I Am Forgetting Him

It slithers in the door, drifts across the old wooden floor, floats up through the sheets I lie upon.Thoughts come unbidden to my mind – I can’t remember his voice, I’m forgetting who he was, the words he would say, the engagement of those last days before death finally had its way.

Tears streak my cheeks, and grief once again pays a visit.

It was not invited, and it’s been awhile, and it takes me unawares. Grief is sneaky, as soon as you believe it holds upon you has wained, it appears.

Though days may be filled with joy, though reunions with old, and much cherished, friends may come to fill some of the empty spaces, though new men may come and go (more often go), still my dead lover remains; if only a shadow.

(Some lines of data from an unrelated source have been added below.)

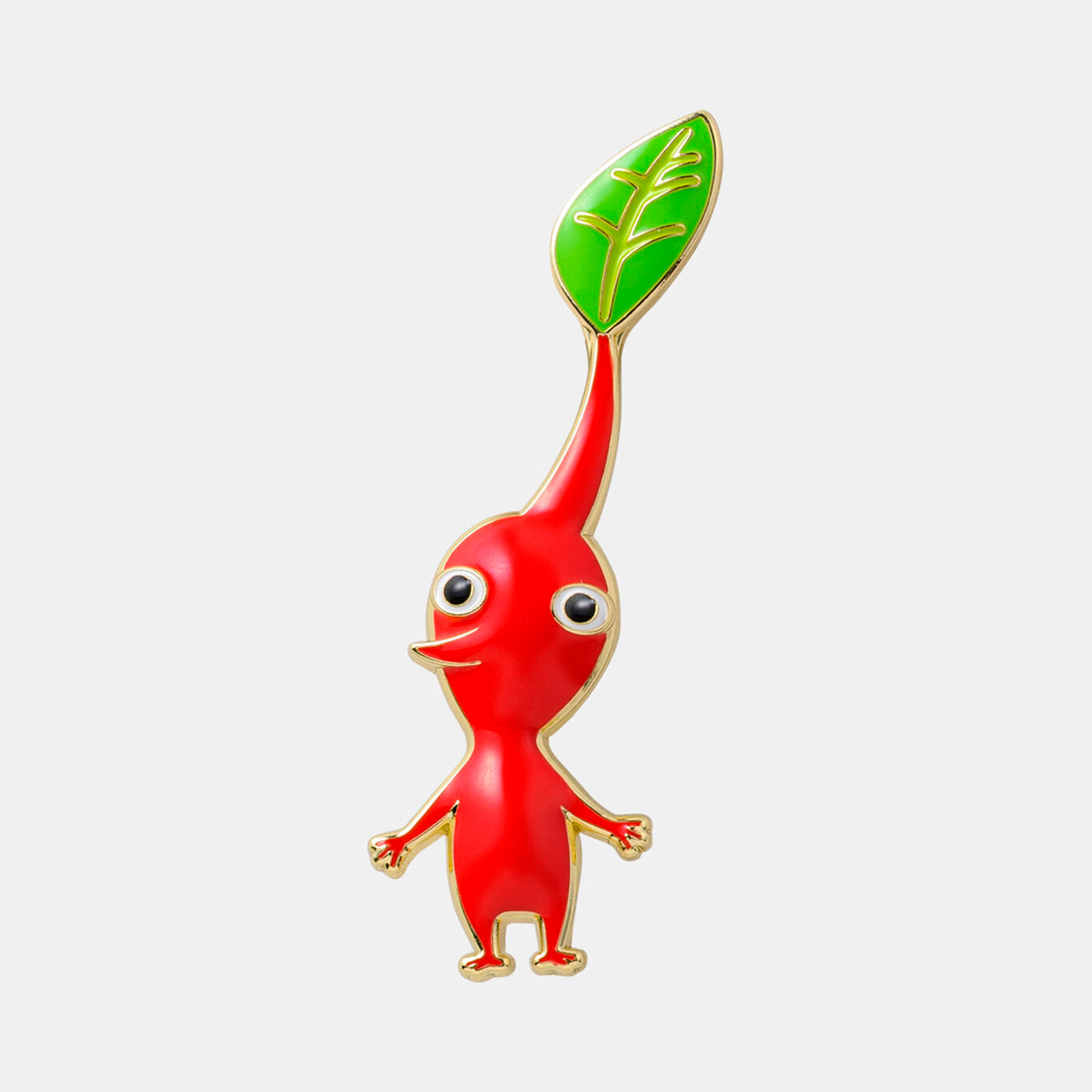 Nintendo Pikmin Badge Red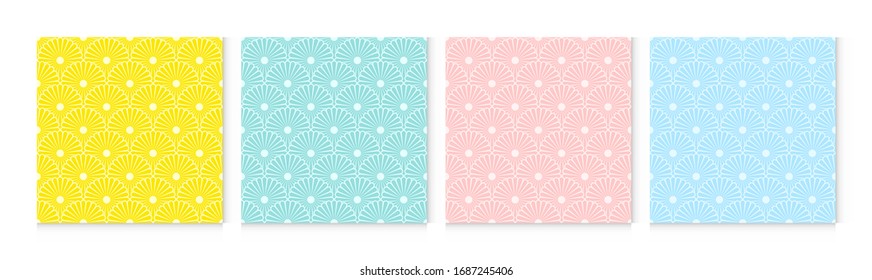 Patrón de fondo sin fisuras de colores pastel abstracto floral. Diseño de fondo de verano.
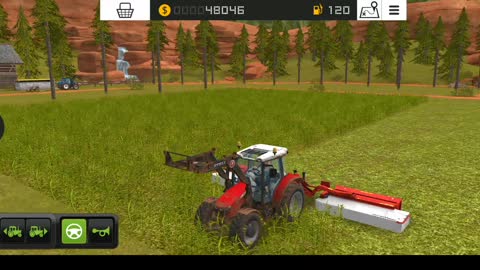 Farming Simulator 16 - selling pigs to buy hay field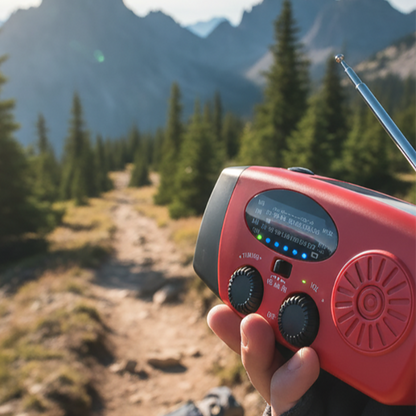 🎉 50% OFF NOW! 📻 Portable Solar & Hand Crank Emergency Radio – LED Light & NOAA ✨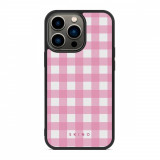 Husa iPhone 14 Pro Max - Skino Pinknic, patratele roz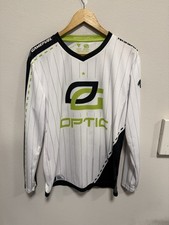 Rare Optic Gaming Long Sleeve White ESports Legacy Jersey Call Of Duty 2017 M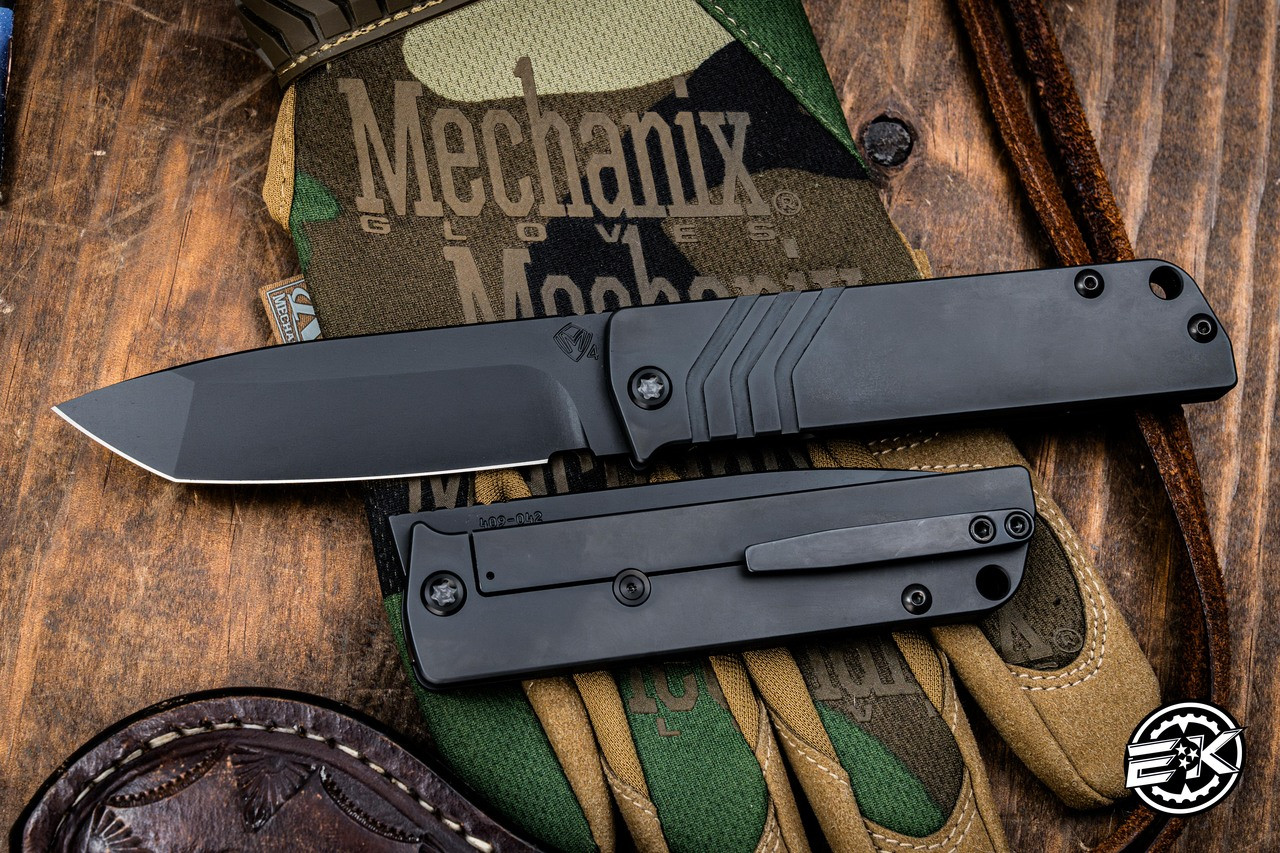 Medford The Antik Front Flipper Folding Knife DLC Titanium 3.75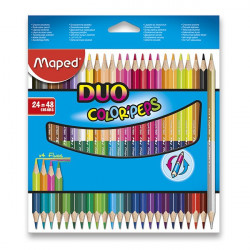Pastelky MAPED Duo 48ks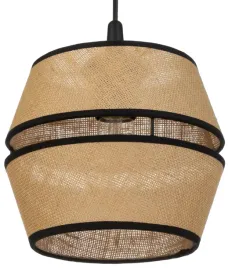 lampa-wiszaca-czarna-wabi-sabi-mala-plotno-jutowe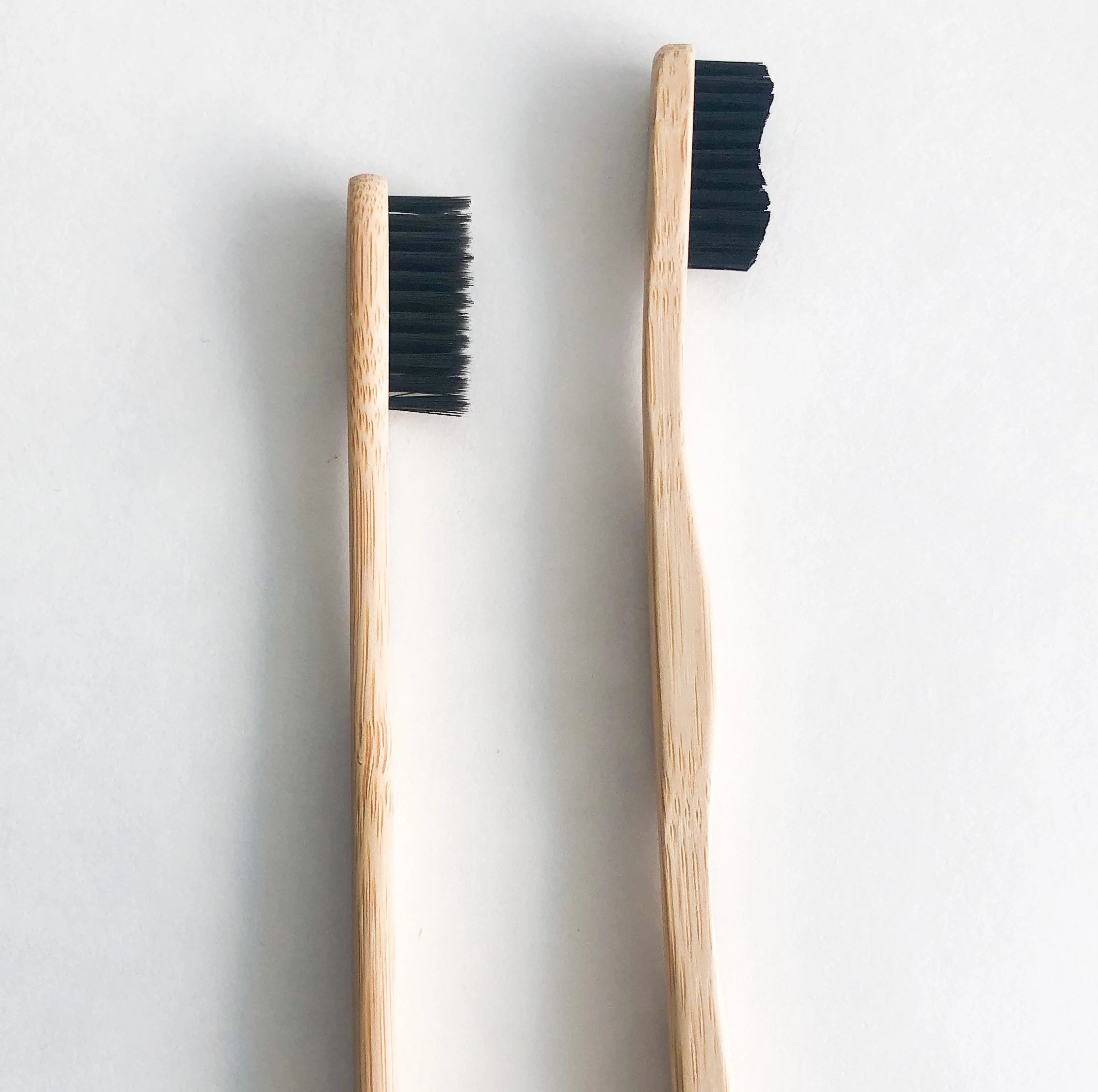 Eco Friendly Natural Bamboo Toothbrush - Activated Charcoal Bristle -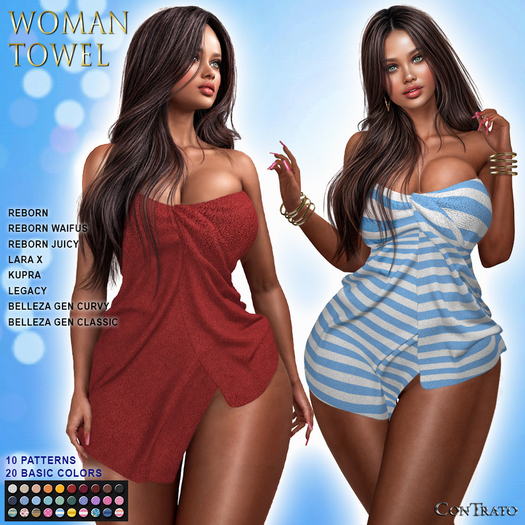 [ConTrato] Woman Towel Mix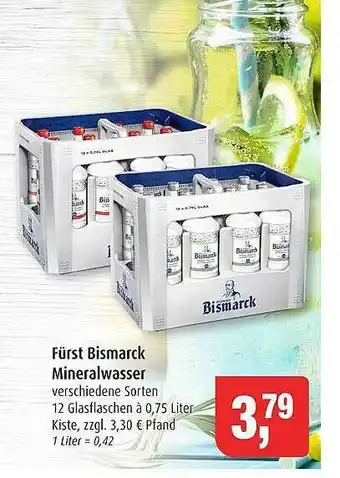 Markant Fürst bismarck mineralwasser Angebot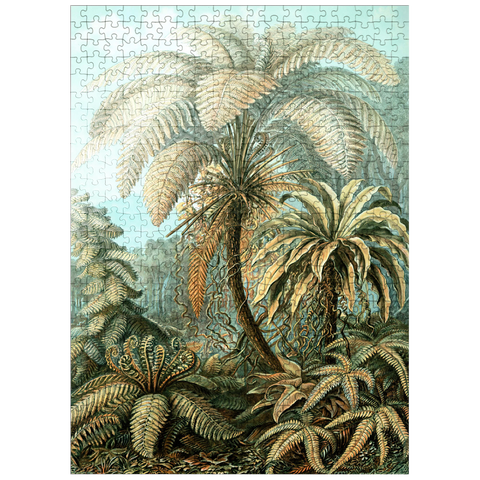 puzzleplate Fern (Filicinae) - Art Forms in Nature, Vintage Art Poster, Ernst Haeckel 500 Jigsaw Puzzle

He still has substance, being, and form, but he no longer has a voice, for that has been forgotten. In time, I know, his dark clever eyes will fade to black, he will slowly, gradually, as day turns to night, and night once again today , become but an abstracted watercolor of what he was in life.

Maybe the tears came due to strolling around those four years with that old cherished friend, as we sketched in the last 19 years.

Yes, and the lake was beautiful, a dream, and I for the first time since those helium sphere days we shared, dug my hands down into the earth, and I grew ferns and hostas and lovely sprite astibiles, and languished in the joy that dirt gave me. As the lake shimmered in the late afternoon sun, and we held hands as he took those last excruciating steps towards his own death, and as I held onto the myriad of sorrows he would leave me with...

I shared this with her, my cherished friend. And she told me of her own heartaches, of her now grown girls lives, of marriage , and husband, and places she never wanted to be. Sorrow and guilt, laughter and joy, dogs and grand babies, mothers and fathers, madness, and loneliness, and smothering realities unravel, and One by One our tales are told.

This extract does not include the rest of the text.